Every design for our experiments
Aptamers are artificially created single-stranded sequences of DNA or RNA obtained from combinatorial libraries of oligonucleotides using the established in vitro selection and iterative process known as SELEX [1]. They possess the ability to attach to a specific target by creating secondary and/or tertiary structures.
Aptamers represent a promising group of molecules often likened to the chemical counterparts of antibodies. Monoclonal antibodies (mAbs) are acknowledged as immensely valuable tools in contemporary medicine, serving various therapeutic and diagnostic purposes. While aptamers share similarities with traditional antibodies, they offer certain advantages, such as robust chemical stability and the ability for rapid and cost-effective mass production. Moreover, they can be manufactured at a large scale with reduced expenses, all while maintaining excellent reproducibility and dependability [2].

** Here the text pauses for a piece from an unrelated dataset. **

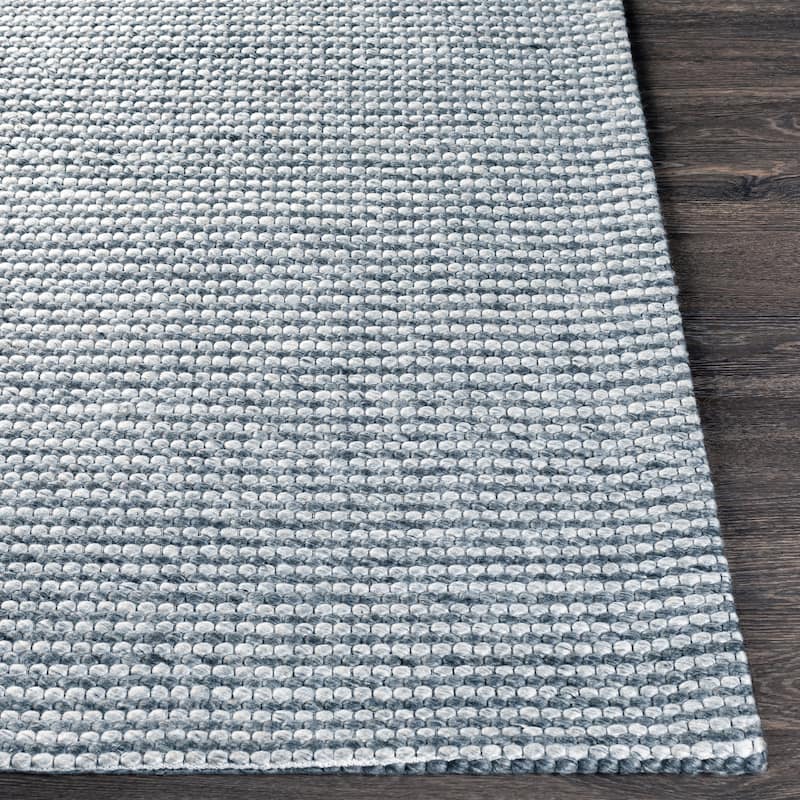 Artistic Weavers Okkily Modern Solid Area Rug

The criteria for selecting a biomarker for cervical cancer diagnosis are as follows:
1. Substance specifically found in cervical cancer patients.
2. Substance secreted extracellularly through serum.

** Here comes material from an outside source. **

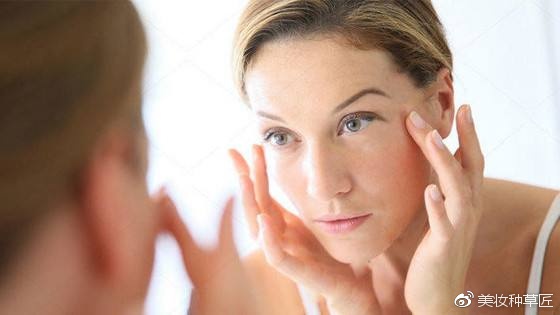 有关眼霜知识,眼霜都有什么故事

3. Substance for which there is an aptamer for protein binding.
4. Substance not influenced by external factors such as hormones.
After reviewing various literature, CEA (carcinoembryonic antigen) was selected as a substance that meets these criteria. The rationale for this choice is as follows:
Although CEA is not a conventional biomarker for cervical cancer diagnosis and is widely known as a specific biomarker for colon cancer, some literature [3] suggests the potential use of this protein as a biomarker for cervical cancer.
We concluded that CEA protein could be utilized for the diagnosis of cervical cancer, given the unique nature of menstrual fluid as our sample.
Moreover, multiple studies have confirmed that CEA is secreted through serum, and it can be detected through blood tests [3,4].
Furthermore, through a literature review, we were able to find a preceding study [5] that discovered aptamer sequences for CEA. In this paper, aptamers were selected using the SELEX technique, ultimately presenting six aptamer candidates. It appears that the research team chose N54 and N56 for their study.
Based on these pieces of evidence, we concluded that CEA is the most suitable biomarker for our project.
The principle of CEApture is as follows:
1. CEApture is a sensor attached to the bottom layer of a sanitary pad.
2. The biomarker is CEA (protein), and the aptamer is N56 (aptamer).
3. Two complementary DNA strands related to N56 aptamer are immobilized on the pad using streptavidin:
• cDNA1 - complementary DNA to the region where the aptamer and the target protein bind. (test line)
• cDNA2 - complementary DNA to the region where the aptamer and the target protein do not bind. (control line)
4. CEA protein from menstrual/vaginal fluid is absorbed onto the pad.
5. N56 bound to AuNP forms a complex with CEA.
6. It flows along the pad, passing through the test line and control line.
7. The N56-CEA complex binds only to the control line.
8. Individuals with CEA in their bloodstream, indicating a positive reaction, can observe a red line only at the control line.
9. Users can review the test results on the backside of the sanitary pad, where the LFA kit is displayed through a transparent section.
Cell-free systems can largely eliminate the constraints and complexities inherent in cell host use. A substantial limitation of cell-based synthetic biology is the requirement for laborious genetic encoding of its design features into a living cell, which can limit its functionality and significantly slow down design–build–test cycles.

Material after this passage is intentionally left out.